New Delhi: The Uday Kotak-led IL&FS management, readying a turnaround plan for the debt-ridden shadow bank, is preparing a list of subsidiaries that could be wound up. The list, which will be submitted to the NCLT on October 31, will also feature the arms that could be revived. The turnaround plan could include selling financial services and energy arms at the earliest.
For the transport arm, there could be a stake sale or of some of the road projects could be sold to private parties for immediate funds. Kotak has roped in his former investment banking head TV Raghunath (in pic) or TVR to chart out the IL&FS revival strategy.
Many see it as a test case for Kotak to turn the sick and fragmentised IL&FS around into a viable unit. A trusted lieutenant of Kotak for a long time, Raghunath's dexterity is expected to help the new IL&FS board to sort out the tricky situation. Insiders said TVR is busy drawing a list of IL&FS businesses which could be sold or retained for revival.
According to sources at IL&FS, loss-making units are to be sold at discounts if necessary. Raghunath's inclusion is expected to help bring in investors and buyers of assets, say industry sources. He has been serving as head of group strategy in the Kotak Mahindra Bank. He is a specialist in restructuring, valuations, deal structuring, joint ventures and India entry services and is going to play a key role in asset valuations and stake sale in IL&FS group.
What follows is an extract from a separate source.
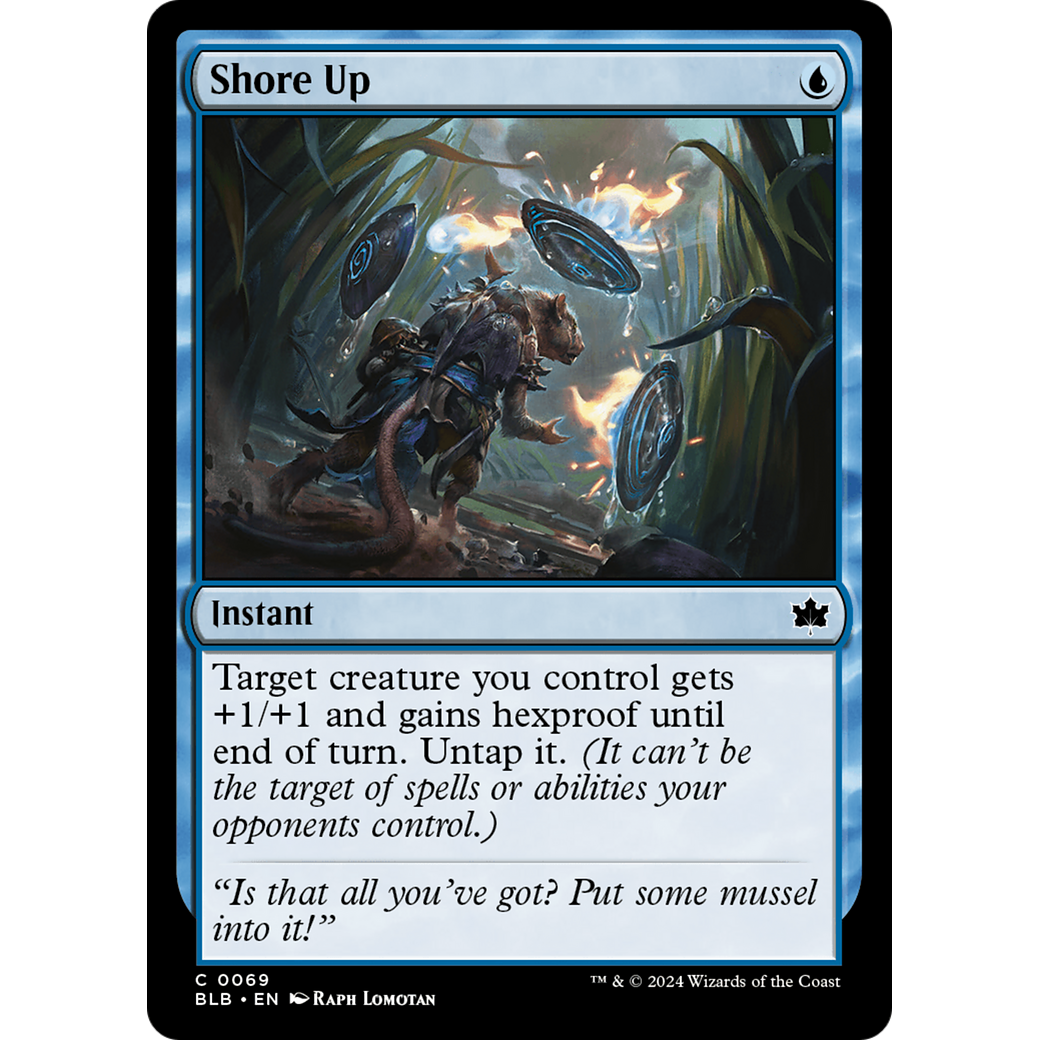 Shore Up (BLB-069) - Bloomburrow Foil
Raghunath, who has an astounding record at Kotak, is part of the core operating committee. He is the architect of the action plan being prepared. He will work in coordination with Alvarez and Marsal, which has been hired as the specialist agency to develop debt-restructuring plan.
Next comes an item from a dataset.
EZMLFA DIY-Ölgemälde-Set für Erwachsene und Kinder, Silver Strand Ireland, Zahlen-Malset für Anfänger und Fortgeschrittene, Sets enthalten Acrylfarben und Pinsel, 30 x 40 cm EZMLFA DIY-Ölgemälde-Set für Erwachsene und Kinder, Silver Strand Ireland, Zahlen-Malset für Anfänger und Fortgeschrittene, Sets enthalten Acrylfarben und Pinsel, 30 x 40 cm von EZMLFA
The Raghunath action plan could see IL&FS selling its financial services units (IL&FS Financial Services IFIN) and IL&FS Energy Development (IEDCL) or majority stakes to begin with, said sources, adding the ailing firm would start the process for IL&FS Transportation Networks (ITNL) road projects valuation next month after submitting its revival strategy to the NCLT on October 31.
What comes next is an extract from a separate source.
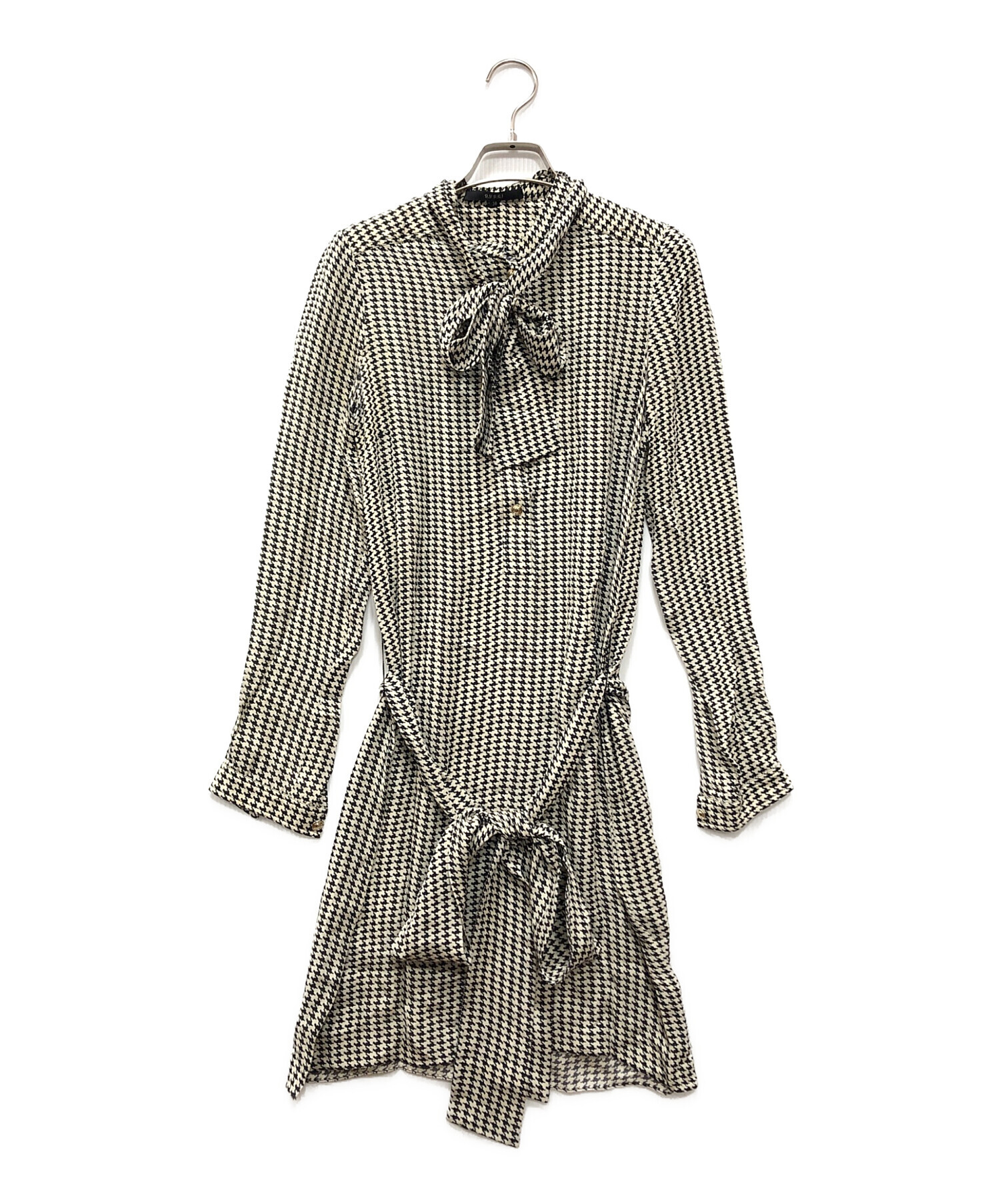 中古・古着通販】GUCCI (グッチ) 総柄シルクワンピース ホワイト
To address its Rs 91,000 crore of debt, IL&FS will first start the process of asset valuation of its road projects after October 31 and it would inform the NCLT about the an updated roadmap and a first-hand assessment of the liabilities, assets, actual obligations and immediate payments dues, sources added.
The listed IL&FS Transportation Networks, which has 28 BOT projects some of which are incomplete, has already got few suitors after the government nominated board took over.
Though neither the companies nor IL&FS executives confirm names of the interested parties, banking and industry sources said the company has reached out to strategic investors like Italy’s Atlantia, Europe’s largest toll road operator and Cube Highways apart from The Ontario Municipal Employees Retirement System (OMERS), Canada's largest pension fund thro ugh its Infrastructure Management arm.
Private equity firm KKR, which completed raising a $7.4 billion infrastructure fund last month, is also said to be weighing options on ITNL projects. Some of the board members of IL&FS have also approached NHAI to acquire the assets of ITNL after due process which will add synergy to the government agency. A senior government official said it makes sense for NHAI to acquire incomplete projects of ITNL.